-- Data for the task follows --

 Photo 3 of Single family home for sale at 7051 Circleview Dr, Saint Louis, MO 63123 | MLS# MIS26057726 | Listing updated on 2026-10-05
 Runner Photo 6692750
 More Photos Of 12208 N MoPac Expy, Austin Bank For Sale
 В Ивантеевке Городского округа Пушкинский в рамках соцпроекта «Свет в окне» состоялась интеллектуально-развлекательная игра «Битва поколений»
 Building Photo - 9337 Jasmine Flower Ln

-- Data for the task concluded --
-- Data for the task follows --

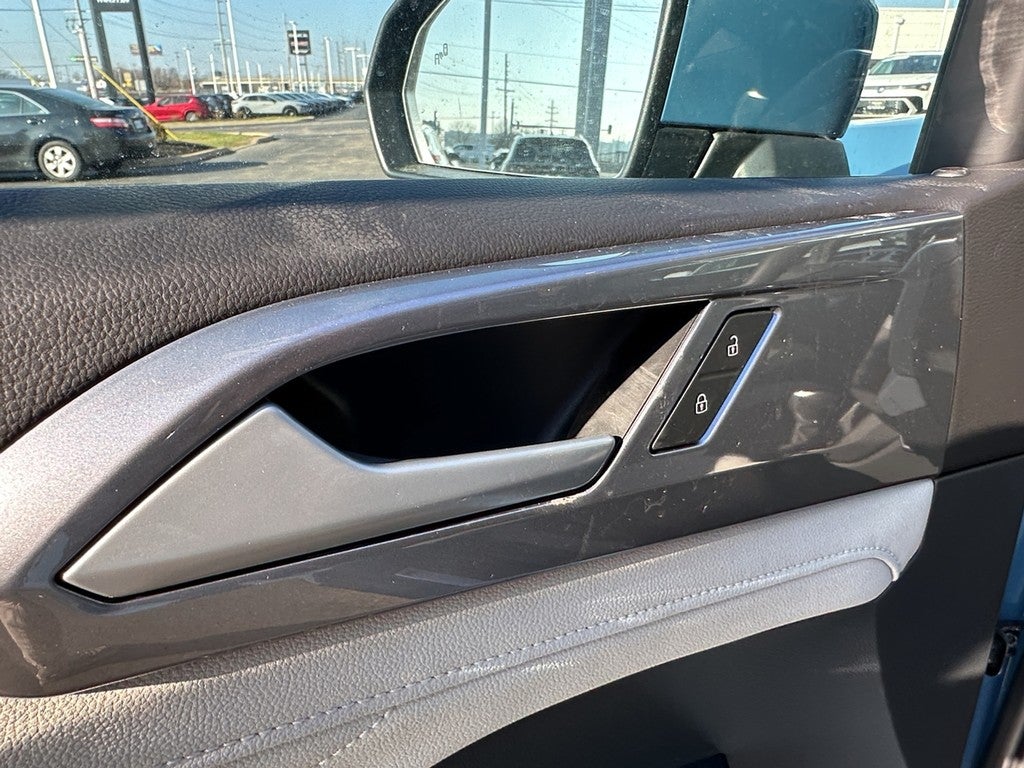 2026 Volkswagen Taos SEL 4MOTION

-- Data for the task concluded --

_Aim of the task:_ Print exactly the lines above, between the one holding "В Ивантеевке Городского" and the one holding "Building Photo - 9337 Jasmine Flower Ln", inclusive, and nothing besides.

_Written answer:_
 В Ивантеевке Городского округа Пушкинский в рамках соцпроекта «Свет в окне» состоялась интеллектуально-развлекательная игра «Битва поколений»
 Building Photo - 9337 Jasmine Flower Ln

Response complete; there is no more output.